Nascida nos calçadões da moda da Rio de Janeiro, a Blitz não era uma banda no sentido clássico do termo. Era um projeto multimídia “avant la lettre”, um coletivo de personalidades liderado pelo carisma transbordante de Evandro Mesquita. Ele não era um vocalista técnico; era um “showman”, um malandro carioca que sabia traduzir as angústias e delícias da juventude urbana em refrães cativantes e coreografias ridículas – no melhor sentido possível. Ao seu lado, a presença magnética de Fernanda Abreu (então Fernanda Blitz) e a entrega total de todos no palco criavam um espetáculo que ia muito além da música. Eles eram pura encenação, pura diversão.

Musicalmente, a Blitz pegou emprestado a batida dançante da new wave inglesa, a simplicidade do rock'n'roll dos anos 50 e a levada do funk, filtrando tudo por uma lente tipicamente brasileira, carioca e praiana. A produção era limpa, os arranjos eram básicos e eficientes, e as letras eram seu cartão de visita. Quem não se identifica, mesmo décadas depois, com a ansiedade existencial de "Você Não Sabe o Que Quer", um hino da indecisão juvenil? Ou com a fantasia de escape de "A Two Days in a Lifetime", que soava como a trilha sonora de um filme de verão que todos queriam viver?

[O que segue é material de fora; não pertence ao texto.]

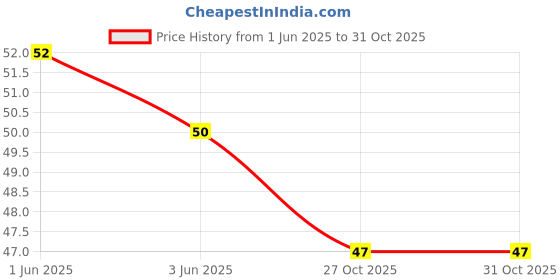 flipkart.com decretive 20 LEDs 2 m Multicolor Steady String Rice Lights decretive Price History Graph from 1 Jun 2025 to 30 Oct 2025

No entanto, foi com "Mais Feliz" que a banda atingiu o status de fenômeno nacional. A letra era um manifesto: "Jogue fora a gordura dos seus neurônios / E seja mais feliz". Em um país que saía de uma ditadura militar e enfrentava a crise econômica, a mensagem era ao mesmo tempo um alívio e uma provocação. Era um convite para abdicar, nem que fosse por três minutos, das complicações. A crítica séria torceu o nariz, acusando-a de superficial. O que eles não entenderam foi que a profundidade da Blitz não estava na complexidade harmônica, mas na sua honestidade emocional. Eles não fingiam ser algo que não eram; celebravam a própria superficialidade como uma forma de arte.

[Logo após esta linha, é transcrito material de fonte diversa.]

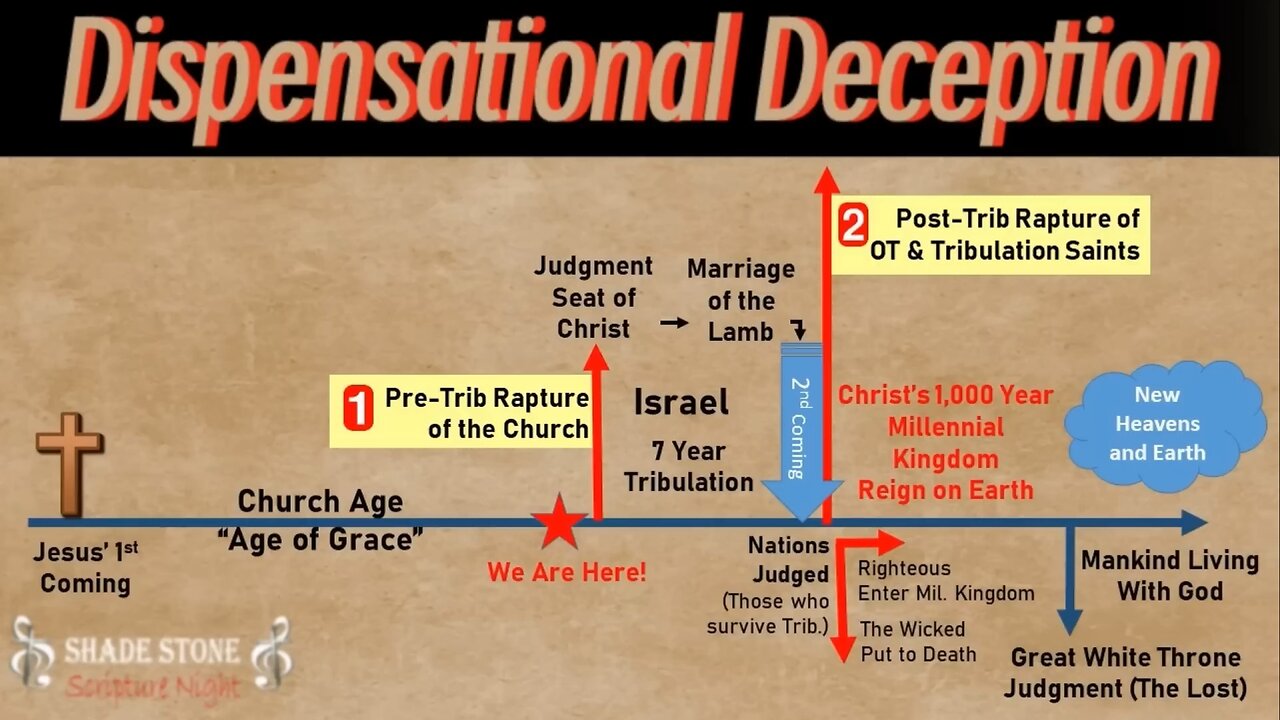 Dispensational Deception. Shade Stone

O legado da Blitz é, portanto, duradouro. Eles foram pioneiros na criação de uma identidade visual forte e na compreensão do artista como uma marca completa. Fernanda Abreu e Lobão (que passou rapidamente pela banda) seguiram carreiras solo igualmente influentes. Mas, mais importante, a Blitz abriu as portas para uma geração de bandas que não tinham medo de ser populares, dançantes e, acima de tudo, brasileiras. Eles demonstraram que se podia fazer rock (ou algo parecido) sem a pose séria e importada, incorporando o humor, a malandragem e o calor do Rio de Janeiro.

Revisitar a Blitz hoje é um exercício de nostalgia, sim, mas também de reconhecimento. Eles foram a banda perfeita para o seu tempo: efêmeros como um clarão, mas cujo brilho ajudou a iluminar o caminho para a música pop brasileira moderna. Não eram heróis do rock; eram os reis do momento, e, como bem sabem os que entendem de vida, sometimes, "a two days in a lifetime" é tudo de que você precisa.